Elas me enlaçaram com os braços enquanto voltávamos para o vestiário feminino.
-Estou tão ansiosa! - disse Becky. - Não vejo a hora de fazermos o nosso show.
- Vai ser o melhor show de todos os tempos -observou outra. - Talvez até ganhemos o campeonato estadual entre equipes de animadoras de torcida, agora que temos a Amber.
Elas estavam tão excitadas e falando alto, completamente diferente das garotas doces, timidas e inseguras que eu tinha encontrado uma hora antes. De repente me vi pega de roldão pelo entusiasmo delas. Imaginei todos os maravilhosos números que eu havia ensinado a elas. E me vi segurando a taça que ganháramos no campeonato estadual. Eu seria a heroína da escola.
"Espera ai", disse a mim mesma, voltando à realidade num estalo,"você não esta querendo se envolver com nada nem com ninguém por aqui. Você não quer se divertir. Você quer voltar para casa". Eu me lembrei do que Brendan dissera a respeito de meus pais desistirem e voltarem para Nova York no fim do ano. Considerando o talento de mamãe para fazer pão e as tensas relações de papai com vovô, bem que isso poderia mesmo acontecer. Tinha sido a minha esperança secreta o tempo todo, mas de repente me peguei pensando que o fim do ano seria muito cedo. O campeonato estadual era só em fevereiro!
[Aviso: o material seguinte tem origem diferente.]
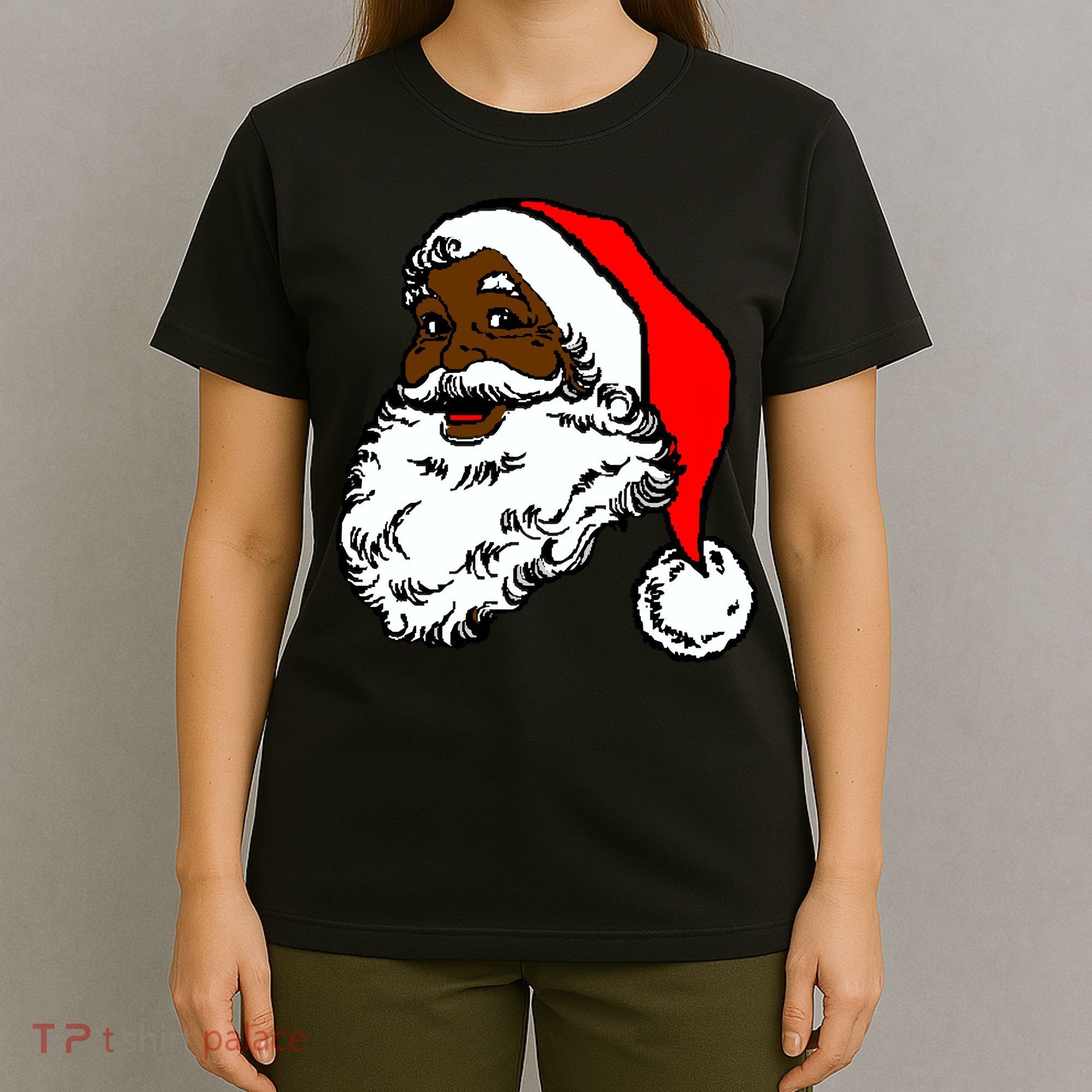 Black Santa Claus Christmas T-Shirt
Trabalhamos duro a semana toda, tanto na hora do almoço quanto na última aula, que era livre, praticando como umas loucas. Fui obrigada a admirar o entusiasmo delas. Em Nova York não era de bom-tom demonstrar entusiasmo. Tudo devia parecer um tédio, e você tinha de se ligar só na última hora. Aquelas garotas ferviam de entusiasmo, como os atores das propagandas de chiclete na TV. E não
desistiam de jeito nenhum. Caíam, se machucavam, se sentiam umas idiotas, mas logo davam a volta por cima e tentavam de novo. E, apesar de achar que um show daqueles no intervalo de um jogo de rúgbi era um fato totalmente insignificante para mim, acabei me contagiando com o entusiasmo delas. Agora eu queria que fizessem sucesso. Lá pelo fim de semana já conseguira ensinar a elas algumas acrobacias que impressionava bastante, mas que eram na realidade muito simples. E encontrei um uniforme para mim que daria conta do recado. Fiquei parada na frente do espelho do vovô, me olhando. Amber Stevens, uma animadora de torcida, com pompons e tudo. Achei que tinha ficado muito bom, até me lembrar de Brendan e Suzanne. Eles morreriam de rir da minha cara se me vissem. Nao falei nada sobre a equipe de animadoras de torcida na minha carta seguinte para Brendan. Nem mencionei Rich também, apesar de ter me sentado ao lado dele no ónibus escolar nas últimas duas tardes. Continuava a dizer a mim mesma que não havia nada ali além de um garoto amigável e simpático tentando ser gentil com uma recém-chegada. Tinha direito de ter amigos homens, não tinha? Quando pensei nisso, percebi que não estava disposta a passar um ano inteiro na infelicidade. Só queria que os meus pais achassem que eu estava infeliz, para que assim me mandassem de volta para Nova York e para a Dover School. De volta para Brendan e Suzanne. E ter Rich como amigo e sair com ele não seria a pior
maneira de passar o ano.
Rich era uma pessoa simples, um garoto do campo. Nunca seria como Brendan. Nunca seria capaz de fazer observações inteligentes e sofisticadas como Brendan, ou de me fazer rir como o Brendan faziam ou de me fazer sentir pegando fogo quando me beijasse, como Brendan. Então me perguntei como seria se Rich me agarrasse com aqueles seus braços possantes e musculosos, seus lábios se movendo em direção aos meus, e... "Chega! Pare com isso!", gritei para a minha imaginação. Brendan era especial e maravilhoso, e ele era o meu garoto. "Brendan Cooper", escrevi em todas as margens da minha agenda. Meu Brendan Cooper.
Foi estranho eu estar pensando nele naquela quinta-feira à tarde, porque logo em seguida, quando entrei em casa, o telefone tocou, e era ele próprio. Dessa vez não havia ninguém por perto escutando.